Callimahos earned a degree in law from Rutgers in accord with his fathers' wishes, but attended Juilliard music school at the age of nineteen and graduated with a degree in 1933. While he started at the bottom of the class, he became head of his class in his second year after encouragement from his teacher, Arthur Lora. After graduation, he continued study in Europe.

==Musical career==
His musical debut was in Munich in 1935 and was heralded as Meisterfloetist. He also played in Vienna and that autumn played an all-Bach programme in Munich, consisting of the seven sonatas and his own transcription for flute and harpsichord of the B-Minor suite. He had a two-year tour of recitals in Europe and was appointed to a professorship in the Mozarteum. Two CDs of his performances were recorded and released.

In April 1937, he had his first United States debut in The Town Hall. He continued to tour both in Europe and the United States.

==World War II==
He joined the United States Army in 1941, hoping his interest in cryptology could be put to service.

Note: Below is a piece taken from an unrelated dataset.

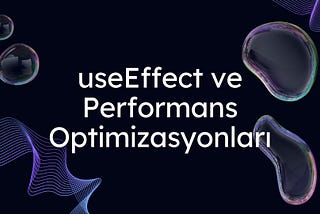 React useEffect ve Performans Optimizasyonları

He taught Italian and cryptanalysis at Fort Monmouth. He enrolled in a Japanese course and eventually served as a Signals Intelligence officer in New Delhi.

==Later career==
After World War II, he was assigned to the Army Security Agency as assistant to William F. Friedman. When the National Security Agency was formed, both men joined it. During the 1950s he developed the course CA-400, an expansion of Friedman's own intensive-study course. Graduates of the course became members of the Dundee Society. As part of this course he devised the Zendian Problem. He also revised some of Friedman's own work to produce the text Military Cryptanalytics.

According to the official NSA website, he helped establish the NSA Technical Journal in 1955 and served as technical advisor for the rest of his career. Callimahos also "played a crucial role in shaping cryptologic development at NSA."

Health problems forced his retirement in 1976.